[LAU] sending random midi notes from a bash script

Pedro Lopez-Cabanillas pedro.lopez.cabanillas at gmail.com
Sun Feb 7 08:51:26 EST 2010


On Sunday, February 7, 2010, james morris wrote:
> On 6/2/2010, "Pedro Lopez-Cabanillas"
>
> <pedro.lopez.cabanillas at gmail.com> wrote:
> >> The tool would just be required to send a single midi note to some port.
> >> The note to be sent should be specifiable on command line, along with
> >> length/velocity ... probably would be enough.
> >>
> >> Any ideas?
> >
> >As an example, here is a bash script that can be used with cron, to play
> >hourly a tune and some strokes.
>
> Thanks Pedro, that's quite useful.
>
> I'm using the playnote function from your script. I see you make a
> translation of note names to other ascii chars using tr (before you call
> playnote), and it's this latter "scale" string I'm interested in, as
> my script does not need to deal with note names at this stage.
>
> I've used an expansion of the string "<>@ACEGHJLMOQS" to
> "<>@ABCDEFGHIJKLMNOPQRSTUVWXYZabcdefghijklmnopqrstuvwxyz" which does

This translation requires a bit of explanation. The first set of characters 
("cdefgabCDEFGAB") are two octaves, the lower one represented  by the 
symbols "cdefgab" and the upper one by the symbols "CDEFGAB". The two sets 
are note names used in the tune, declared at the top:

tune="C 4, E 4, D 4, g 2, C 4, D 4, E 4, C 2, \
      E 4, C 4, D 4, g 2, g 4, D 4, E 4, C 2,"

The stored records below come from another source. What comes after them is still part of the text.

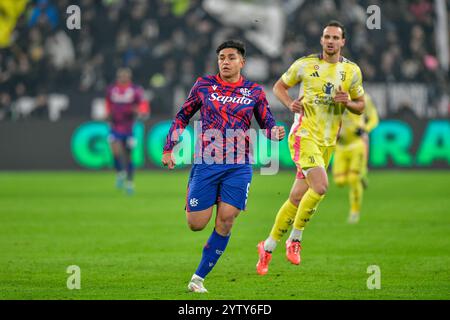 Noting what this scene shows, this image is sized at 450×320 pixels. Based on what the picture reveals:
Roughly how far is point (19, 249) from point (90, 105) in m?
13.4

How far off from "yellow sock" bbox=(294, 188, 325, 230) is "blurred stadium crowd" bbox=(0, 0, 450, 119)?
47.7 ft

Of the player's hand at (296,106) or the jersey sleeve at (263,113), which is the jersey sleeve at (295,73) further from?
the jersey sleeve at (263,113)

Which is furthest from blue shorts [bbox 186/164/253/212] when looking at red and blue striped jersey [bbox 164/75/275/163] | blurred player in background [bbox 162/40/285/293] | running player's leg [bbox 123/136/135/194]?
running player's leg [bbox 123/136/135/194]

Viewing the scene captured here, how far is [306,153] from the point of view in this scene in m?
10.7

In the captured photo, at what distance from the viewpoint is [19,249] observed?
1238 centimetres

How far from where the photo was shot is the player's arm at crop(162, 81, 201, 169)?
9062 mm

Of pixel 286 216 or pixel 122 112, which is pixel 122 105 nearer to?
pixel 122 112

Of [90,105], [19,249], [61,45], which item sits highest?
[61,45]

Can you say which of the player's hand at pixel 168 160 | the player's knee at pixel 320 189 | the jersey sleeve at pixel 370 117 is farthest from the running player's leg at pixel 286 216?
the jersey sleeve at pixel 370 117

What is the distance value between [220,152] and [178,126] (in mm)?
474

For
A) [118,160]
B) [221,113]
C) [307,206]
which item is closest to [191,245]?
[307,206]

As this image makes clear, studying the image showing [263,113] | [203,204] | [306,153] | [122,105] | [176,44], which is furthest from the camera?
[176,44] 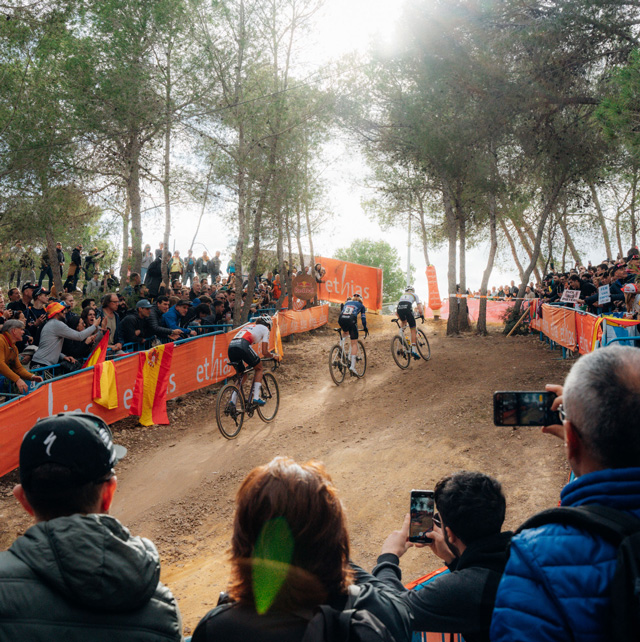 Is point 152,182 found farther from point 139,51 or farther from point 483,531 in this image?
point 483,531

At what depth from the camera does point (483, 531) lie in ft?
7.62

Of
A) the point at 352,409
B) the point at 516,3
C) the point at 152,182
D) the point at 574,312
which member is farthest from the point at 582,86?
the point at 152,182

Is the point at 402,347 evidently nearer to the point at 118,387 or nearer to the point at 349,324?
the point at 349,324

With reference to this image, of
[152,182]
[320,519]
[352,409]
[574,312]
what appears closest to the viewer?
[320,519]

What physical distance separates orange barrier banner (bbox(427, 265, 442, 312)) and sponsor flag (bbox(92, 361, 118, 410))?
19331mm

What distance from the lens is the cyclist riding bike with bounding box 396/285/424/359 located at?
47.0ft

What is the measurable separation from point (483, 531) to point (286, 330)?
55.0ft

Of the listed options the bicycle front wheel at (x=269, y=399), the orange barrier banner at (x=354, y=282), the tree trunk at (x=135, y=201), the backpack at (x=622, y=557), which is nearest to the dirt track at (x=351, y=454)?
the bicycle front wheel at (x=269, y=399)

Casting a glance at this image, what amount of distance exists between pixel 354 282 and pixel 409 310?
12.1 meters

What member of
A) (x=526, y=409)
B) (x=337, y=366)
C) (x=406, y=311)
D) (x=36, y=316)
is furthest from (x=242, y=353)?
(x=526, y=409)

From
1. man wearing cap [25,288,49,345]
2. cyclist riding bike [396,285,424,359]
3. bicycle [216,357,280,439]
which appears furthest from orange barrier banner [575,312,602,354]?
man wearing cap [25,288,49,345]

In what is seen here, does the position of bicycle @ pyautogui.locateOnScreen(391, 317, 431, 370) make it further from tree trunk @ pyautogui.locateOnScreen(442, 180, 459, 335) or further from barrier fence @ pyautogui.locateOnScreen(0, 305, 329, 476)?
tree trunk @ pyautogui.locateOnScreen(442, 180, 459, 335)

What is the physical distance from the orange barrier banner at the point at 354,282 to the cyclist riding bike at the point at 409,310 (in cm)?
1125

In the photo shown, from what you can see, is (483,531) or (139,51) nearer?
(483,531) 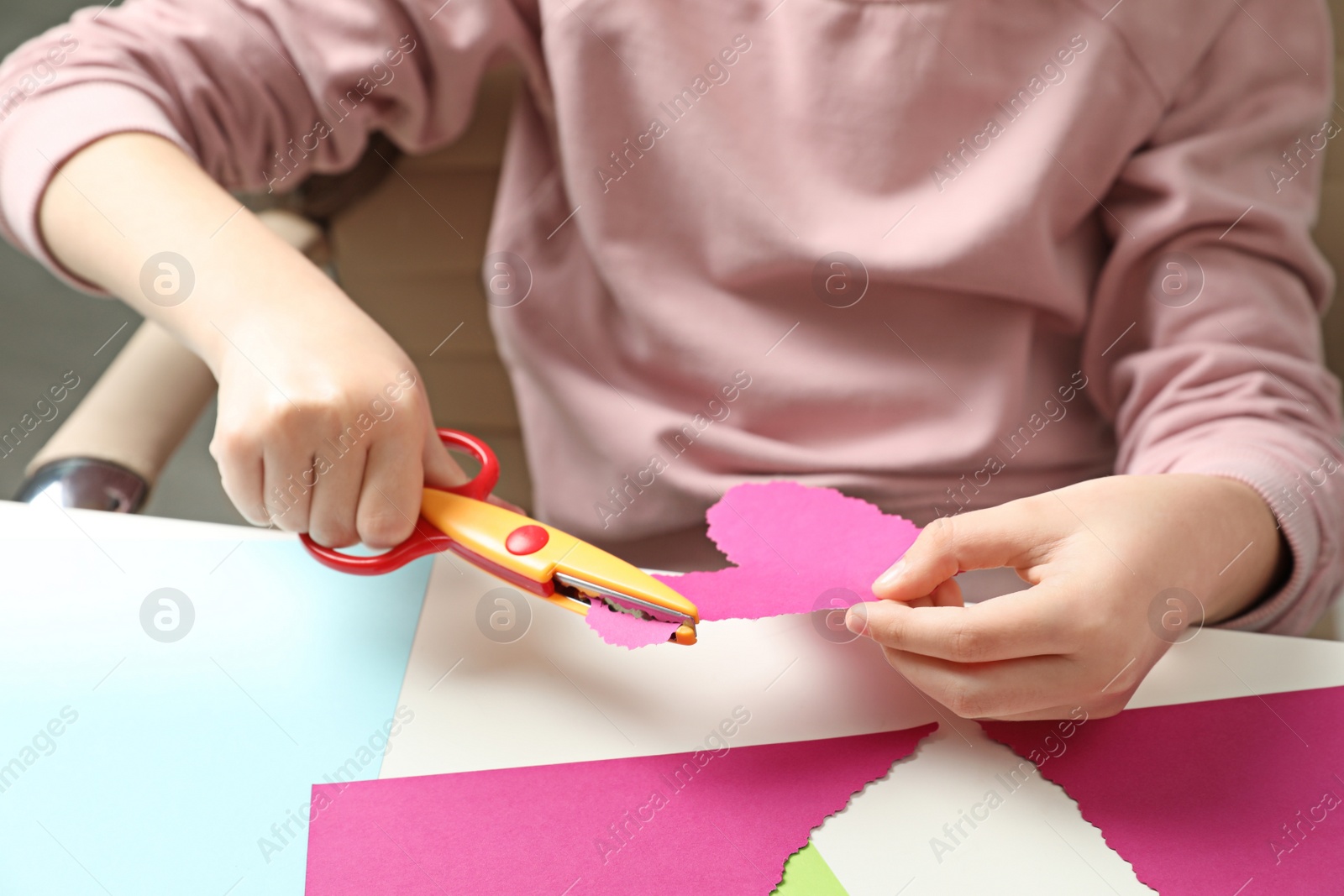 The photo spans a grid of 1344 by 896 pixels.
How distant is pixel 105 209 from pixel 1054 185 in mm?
647

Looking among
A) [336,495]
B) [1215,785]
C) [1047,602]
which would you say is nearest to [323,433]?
[336,495]

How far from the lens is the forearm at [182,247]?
540 mm

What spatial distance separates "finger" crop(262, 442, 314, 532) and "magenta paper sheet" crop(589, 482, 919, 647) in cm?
Answer: 17

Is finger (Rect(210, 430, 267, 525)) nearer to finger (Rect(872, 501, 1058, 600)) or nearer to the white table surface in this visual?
the white table surface

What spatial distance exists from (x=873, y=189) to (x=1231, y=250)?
27cm

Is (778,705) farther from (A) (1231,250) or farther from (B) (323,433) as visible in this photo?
(A) (1231,250)

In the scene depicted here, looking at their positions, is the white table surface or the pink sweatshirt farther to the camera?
the pink sweatshirt

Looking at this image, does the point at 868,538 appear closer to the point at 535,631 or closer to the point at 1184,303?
the point at 535,631

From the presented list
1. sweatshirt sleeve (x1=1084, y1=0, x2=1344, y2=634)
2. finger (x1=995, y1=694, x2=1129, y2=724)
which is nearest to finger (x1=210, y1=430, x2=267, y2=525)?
finger (x1=995, y1=694, x2=1129, y2=724)

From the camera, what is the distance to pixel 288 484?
507 mm

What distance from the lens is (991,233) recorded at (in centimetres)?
67

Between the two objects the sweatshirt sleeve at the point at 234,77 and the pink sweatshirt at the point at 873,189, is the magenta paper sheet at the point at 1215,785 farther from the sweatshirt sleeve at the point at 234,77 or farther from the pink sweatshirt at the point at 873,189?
the sweatshirt sleeve at the point at 234,77

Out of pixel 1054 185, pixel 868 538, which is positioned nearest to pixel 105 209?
pixel 868 538

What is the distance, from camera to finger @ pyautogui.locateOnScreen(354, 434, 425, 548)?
50 cm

But the MIDI devices expect MIDI note numbers instead of symbolic names, so a 
translation is needed. The symbol "c" is translated into the character "<" 
(character code 0x3C, decimal 60), and the symbol "C" into the character "H" 
(code 0x48, decimal 72). The character codes are the MIDI note numbers, and 
we are writting them to character devices (/dev/midi*).

The MIDI note numbers and their corresponding musical notes can be seen in 
this nice graphic:
http://en.wikipedia.org/wiki/File:NoteNamesFrequenciesAndMidiNumbers.svg

If you don't need to deal with note names, I suggest you to use the MIDI note 
numbers directly. This gives you the widest possible range of notes.

> give me a wider range of notes, but is very middly, there's no bass
> notes nor anything from the high octaves.
>
> How might I get the bass and high end?

Another example is attached. In this case, the script plays a more complex 
tune for two voices codified without using symbolic note names. Using this 
technique you can even specify different velocities for each note (although 
this example uses 0x64, dec.100 for all notes). The sample also uses running 
status and knows how to cope with silences.